Saturday, May 20, 2023

Kalamazoo diversity


So, I’ve now had a chance to listen to the recording of the racism roundtable, and been able to confirm some of my in-person (virtual person, that is) impressions.

The first and foremost flaw, from my point of view, is DiNardo’s assertion (in the discussion following the papers) that, given the current crisis, Tolkien scholars needed to put aside biographical studies and exploration of Tolkien’s thought and instead focus their attention on Tolkien and racism and related issues. 

Tolkien’s invented languages were not mentioned but I can’t see how they’re not part of those marked for marginalization. Instead, she said, we need more RINGS OF POWER and especially MtG: Middle-earth. I concluded that she’s not really interested in LORD OF THE RINGS or THE SILMARILLION, et al, in themselves, as works of art, as in what can be done with them —i.e. as tools to fight racism.

My own belief is that as Tolkien scholars we’re all in this together. I don’t agree with the idea that Tolkien scholarship is a zero-sum game.

—John R.


Wurmbrand said...

Yes -- it seems the bottom line here is that literary art (and presumably all art) is conceived as being an instrument for the effecting of designated social outcomes. If someone is perceived as using works of art for the sake of undesirable social outcomes, a crisis exists. But in either case the view of art is that it is a means to an end.

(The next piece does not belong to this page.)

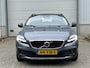 Volvo V40 Cross Country 2.0 T3 Summum / Trekhaak / Achteruitrijcamera & sensoren achter / Stoelverwarming / Elektrisch verstelbare bestuurdersstoel / Cruise Control / Climate Control /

This idea about art is familiar from various forms of 20th-century fascism, whether Nazi or Soviet.

Conversely, the kind of scholarship that activists want to have suspended, which deals with works of literary art as art, and also seeks to deepen the enjoyment of them through various approaches including the biographical, is needed, because it recognizes the integrity of the work of art.

Its' thus the kind of scholarship that the activists want to shut down, that is more closely akin to the kind of reading Tolkien himself encouraged and the kind of creative enterprise in which he was engaged: "subcreation" in the broad sense that includes not only "fantasy" but literary art such as (for example) the novels of Dickens.

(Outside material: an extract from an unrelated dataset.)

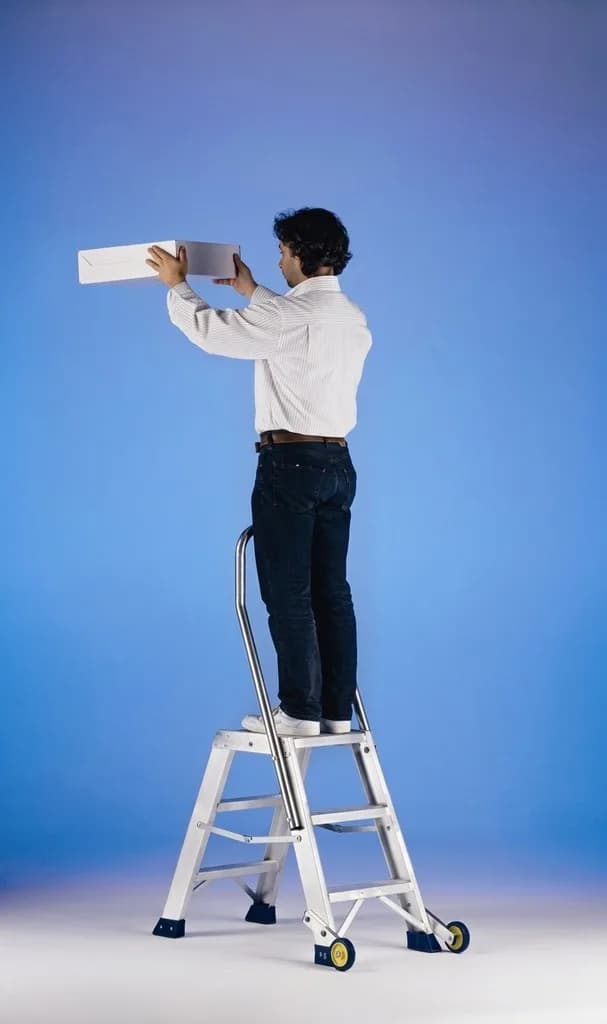 Двусторонняя стремянка-табурет Svelt PUNTO PLUS S 2х4 ступени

Tolkien did recognize that there is a benefit from literary art that extends beyond the enjoyment of the secondary world, of course -- that "cleaning of our windows" that restores to us the imaginative value of fire, leaf, loaf, iron, etc., so that we perceive them anew.

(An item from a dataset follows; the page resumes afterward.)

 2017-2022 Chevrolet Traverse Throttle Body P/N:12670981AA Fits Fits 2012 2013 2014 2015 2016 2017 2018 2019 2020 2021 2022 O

Politicized "scholarship" is apt to work in the opposite way, to dull such apprehension of the "common" things and to replace it with abstractions and the will to power. But think of what Tolkien's work has to say about that "will to power"!

Dale Nelson

Matt Fisher said...

The big problem I have with DiNardo's assertion is that it seems to assume that ALL scholars are equally capable/skilled/comfortable focusing their work exclusively on combatting the enthusiasm of white supremacists for Tolkien's work. That's a BIG assumption, and one that often backfires. From my perspective, the stakes are pretty high...which means that this challenge is not something to be taken lightly or approached in a way that will result in anything less than the "best possible/strongest" response.

There are other ways to engage the wider community of Tolkien scholars in this work besides asking everyone to "drop all other scholarship and focus on this."